(Prompt) Return nothing but the lines from the one containing "dagen–Safari&#" through the end of the records below, exactly as they stand and without pictures.

(Extracted material)
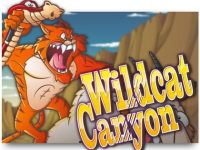 Wildcat Canyon Spielautomat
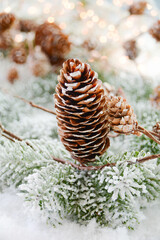 pine cones on snow - christmas card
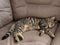 Cute small kitten with tiger pattern fur sleeping on light brown color suede couch. Cat life and animal care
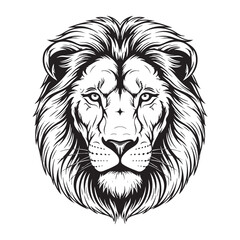 Obraz premium Lion Head Line Art Vector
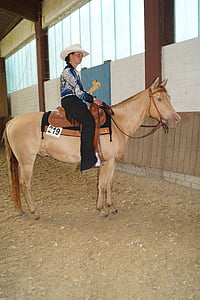 hest, dun, Cowboy, kvinde, ride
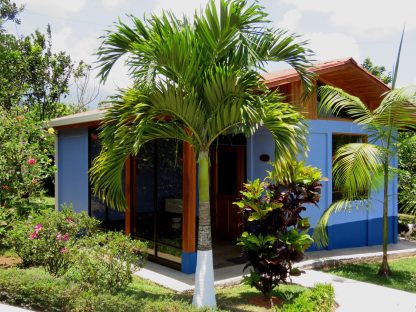 dagen–Safari&#wildlifeinonbekendCostaRica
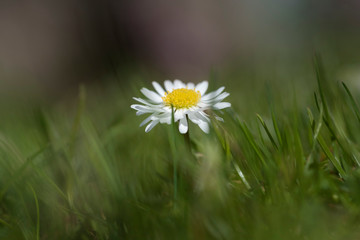 Gänseblümchen © Hanna Gottschalk
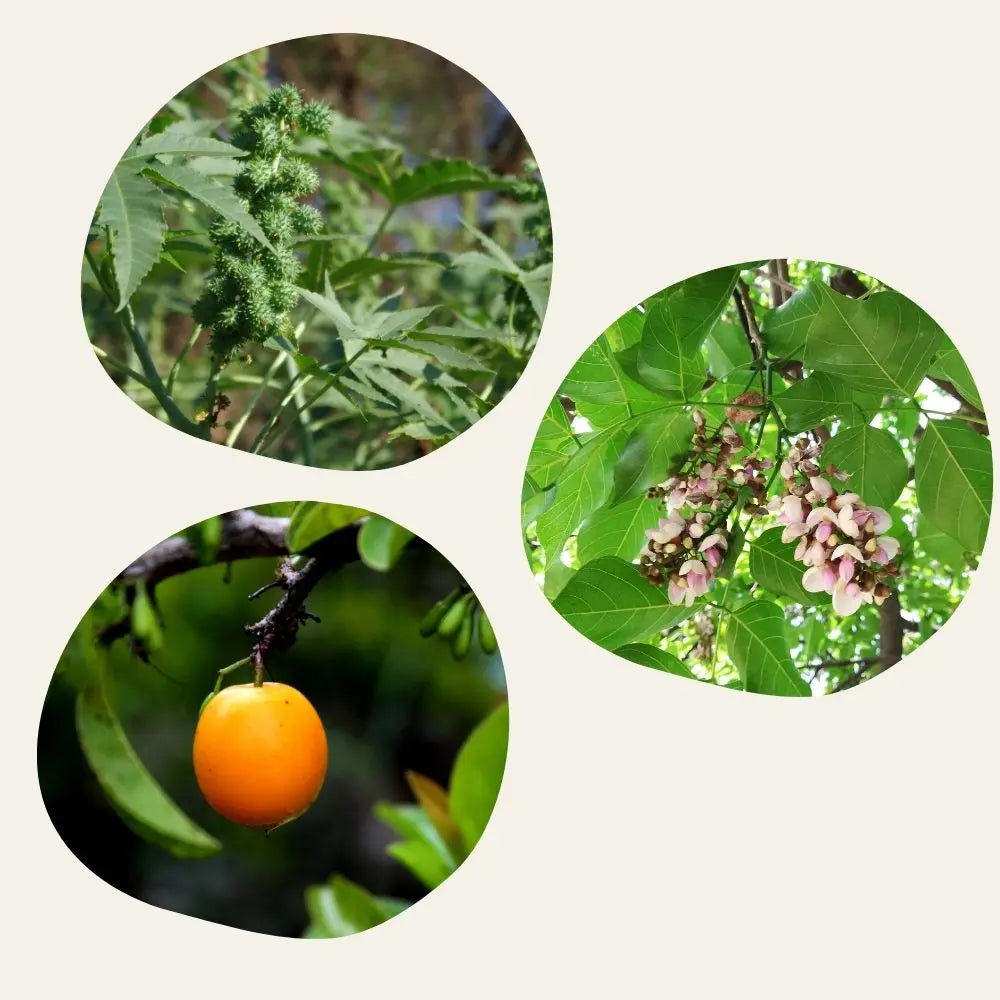 Sérum Capillaire Fortifiant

(Response below)
 dagen–Safari&#wildlifeinonbekendCostaRica
 Gänseblümchen © Hanna Gottschalk
 Sérum Capillaire Fortifiant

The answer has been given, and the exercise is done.